Physico-Mechanical Foundations and Optimization of Centrifugation Regimes in Beeswax Rendering
DOI:
https://doi.org/10.31359/2311-441X-2025-27-176Keywords:
beeswax, centrifugation, heat and mass transfer, phase transition, multifactor optimization, response surfaces, energy efficiencyAbstract
The article examines the process of beeswax rendering in an innovative centrifugal unit with steam heating as a complex multistage heat and mass transfer and mechanical system. Unlike traditional wax rendering methods, the proposed approach implements forced mechanical intensification of the process through the action of centrifugal forces, which significantly alters the energy structure of phase separation and increases the efficiency of wax extraction from the porous structure of comb residues.
The process is described from the standpoint of thermodynamics of open systems, taking into account internal entropy production, phase transition phenomena, and viscous filtration of molten wax. A physico-mechanical model is proposed that combines heat conduction, a Stefan-type melting problem for beeswax, and a generalized Darcy–Forchheimer law with an additional centrifugal driving pressure. Quantitative analysis of the influence of operating parameters is performed using a second-order multifactor regression model with the construction of response surfaces.
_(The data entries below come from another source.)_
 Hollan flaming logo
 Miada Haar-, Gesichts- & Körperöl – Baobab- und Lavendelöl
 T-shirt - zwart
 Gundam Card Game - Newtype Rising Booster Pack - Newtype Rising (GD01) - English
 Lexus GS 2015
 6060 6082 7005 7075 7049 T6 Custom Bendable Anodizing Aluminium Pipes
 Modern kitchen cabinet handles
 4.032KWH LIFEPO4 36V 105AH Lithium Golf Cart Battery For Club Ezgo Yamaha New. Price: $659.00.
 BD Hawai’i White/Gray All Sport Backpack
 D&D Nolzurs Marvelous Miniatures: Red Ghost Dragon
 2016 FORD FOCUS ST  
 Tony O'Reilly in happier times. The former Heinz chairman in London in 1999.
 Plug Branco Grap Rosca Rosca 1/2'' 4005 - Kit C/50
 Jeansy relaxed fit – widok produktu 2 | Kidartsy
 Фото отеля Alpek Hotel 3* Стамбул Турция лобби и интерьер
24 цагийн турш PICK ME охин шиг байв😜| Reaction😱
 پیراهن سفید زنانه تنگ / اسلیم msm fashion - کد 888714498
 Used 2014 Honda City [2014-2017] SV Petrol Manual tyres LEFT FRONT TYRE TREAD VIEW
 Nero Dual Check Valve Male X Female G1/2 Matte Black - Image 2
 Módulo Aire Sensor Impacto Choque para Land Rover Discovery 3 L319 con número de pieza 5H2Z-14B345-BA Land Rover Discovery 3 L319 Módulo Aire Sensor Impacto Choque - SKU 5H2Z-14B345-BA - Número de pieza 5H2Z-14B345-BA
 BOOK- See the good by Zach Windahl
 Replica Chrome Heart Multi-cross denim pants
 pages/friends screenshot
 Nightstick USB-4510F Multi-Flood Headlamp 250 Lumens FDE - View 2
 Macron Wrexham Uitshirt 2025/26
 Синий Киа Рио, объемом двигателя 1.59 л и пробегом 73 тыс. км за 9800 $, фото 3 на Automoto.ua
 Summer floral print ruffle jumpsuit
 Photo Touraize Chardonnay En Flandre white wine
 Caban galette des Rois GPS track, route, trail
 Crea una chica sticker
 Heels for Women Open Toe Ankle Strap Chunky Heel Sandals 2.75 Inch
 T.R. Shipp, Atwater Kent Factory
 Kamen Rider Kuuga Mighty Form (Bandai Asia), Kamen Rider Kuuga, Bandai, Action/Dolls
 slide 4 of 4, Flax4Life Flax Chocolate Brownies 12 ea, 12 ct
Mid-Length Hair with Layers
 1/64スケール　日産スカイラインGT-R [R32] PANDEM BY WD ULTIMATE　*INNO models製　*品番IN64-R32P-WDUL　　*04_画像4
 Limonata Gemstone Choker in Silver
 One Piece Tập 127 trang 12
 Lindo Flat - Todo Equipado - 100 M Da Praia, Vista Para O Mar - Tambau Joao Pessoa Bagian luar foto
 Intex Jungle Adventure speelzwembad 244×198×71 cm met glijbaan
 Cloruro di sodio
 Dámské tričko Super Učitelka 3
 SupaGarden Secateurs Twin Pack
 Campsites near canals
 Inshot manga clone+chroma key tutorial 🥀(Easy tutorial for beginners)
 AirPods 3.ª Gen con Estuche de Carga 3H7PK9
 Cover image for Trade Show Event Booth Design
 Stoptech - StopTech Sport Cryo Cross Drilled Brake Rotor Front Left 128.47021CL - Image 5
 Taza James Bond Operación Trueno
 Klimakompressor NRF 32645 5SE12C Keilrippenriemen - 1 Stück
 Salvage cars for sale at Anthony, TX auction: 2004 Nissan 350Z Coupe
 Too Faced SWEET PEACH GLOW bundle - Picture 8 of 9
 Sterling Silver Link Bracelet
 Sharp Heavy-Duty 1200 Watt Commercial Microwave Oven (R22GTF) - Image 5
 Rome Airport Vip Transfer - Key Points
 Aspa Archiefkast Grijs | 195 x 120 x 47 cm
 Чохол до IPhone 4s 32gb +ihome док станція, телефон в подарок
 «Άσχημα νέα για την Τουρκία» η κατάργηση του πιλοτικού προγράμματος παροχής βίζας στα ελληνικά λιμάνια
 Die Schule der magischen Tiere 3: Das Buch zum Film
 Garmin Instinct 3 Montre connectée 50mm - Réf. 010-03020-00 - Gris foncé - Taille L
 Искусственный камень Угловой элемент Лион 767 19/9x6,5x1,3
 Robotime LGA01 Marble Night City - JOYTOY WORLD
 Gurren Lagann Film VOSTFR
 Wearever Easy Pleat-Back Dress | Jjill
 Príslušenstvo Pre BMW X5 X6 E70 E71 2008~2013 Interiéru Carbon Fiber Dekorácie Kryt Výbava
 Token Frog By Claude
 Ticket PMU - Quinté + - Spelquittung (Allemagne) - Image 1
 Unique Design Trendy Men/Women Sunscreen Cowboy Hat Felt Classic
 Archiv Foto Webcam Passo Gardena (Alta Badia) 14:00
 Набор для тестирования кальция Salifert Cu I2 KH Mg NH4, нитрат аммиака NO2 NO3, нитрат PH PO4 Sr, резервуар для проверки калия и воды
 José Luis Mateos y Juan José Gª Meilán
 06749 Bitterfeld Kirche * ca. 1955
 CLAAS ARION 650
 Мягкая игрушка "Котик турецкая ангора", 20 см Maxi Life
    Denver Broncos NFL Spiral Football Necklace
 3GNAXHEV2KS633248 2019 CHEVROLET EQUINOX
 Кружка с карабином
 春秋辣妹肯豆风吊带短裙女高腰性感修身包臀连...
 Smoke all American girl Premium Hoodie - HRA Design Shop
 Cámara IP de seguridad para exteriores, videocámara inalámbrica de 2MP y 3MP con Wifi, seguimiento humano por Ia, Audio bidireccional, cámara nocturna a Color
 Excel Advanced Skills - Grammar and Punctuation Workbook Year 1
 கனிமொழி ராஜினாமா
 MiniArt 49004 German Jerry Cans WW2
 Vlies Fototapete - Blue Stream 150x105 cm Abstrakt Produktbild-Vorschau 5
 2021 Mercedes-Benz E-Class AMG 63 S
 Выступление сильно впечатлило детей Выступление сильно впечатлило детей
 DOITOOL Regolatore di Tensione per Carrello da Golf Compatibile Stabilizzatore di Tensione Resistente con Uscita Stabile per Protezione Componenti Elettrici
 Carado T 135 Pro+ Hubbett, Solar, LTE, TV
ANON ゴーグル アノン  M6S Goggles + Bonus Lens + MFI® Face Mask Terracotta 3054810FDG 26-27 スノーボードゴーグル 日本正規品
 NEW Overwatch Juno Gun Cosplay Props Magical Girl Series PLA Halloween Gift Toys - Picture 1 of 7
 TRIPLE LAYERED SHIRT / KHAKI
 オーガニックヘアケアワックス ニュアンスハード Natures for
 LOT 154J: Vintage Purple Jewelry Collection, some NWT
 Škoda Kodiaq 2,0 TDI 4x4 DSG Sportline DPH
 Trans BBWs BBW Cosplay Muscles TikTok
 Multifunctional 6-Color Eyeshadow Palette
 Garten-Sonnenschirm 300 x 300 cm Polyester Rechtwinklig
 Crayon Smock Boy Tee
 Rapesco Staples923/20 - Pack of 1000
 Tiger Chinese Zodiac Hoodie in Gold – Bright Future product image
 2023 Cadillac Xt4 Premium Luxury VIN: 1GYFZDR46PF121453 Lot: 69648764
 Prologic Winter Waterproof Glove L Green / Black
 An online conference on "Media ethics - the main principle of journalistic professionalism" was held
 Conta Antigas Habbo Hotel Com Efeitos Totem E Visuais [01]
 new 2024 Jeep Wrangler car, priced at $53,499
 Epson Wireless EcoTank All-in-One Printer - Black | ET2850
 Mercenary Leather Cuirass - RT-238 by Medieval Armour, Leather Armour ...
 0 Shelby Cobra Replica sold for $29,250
It is established that the dominant factors determining beeswax yield are the rotational speed of the centrifuge drum and the duration of the process, whereas steam temperature has an auxiliary character and should be limited from the standpoint of energy efficiency. Based on the analysis of local sensitivities and response surfaces, rational centrifugation regimes are identified, ensuring an increase in wax yield of up to 90% while reducing specific energy consumption by approximately 20% compared with traditional methods. The obtained results can be used in the design and optimization of industrial units for beeswax rendering.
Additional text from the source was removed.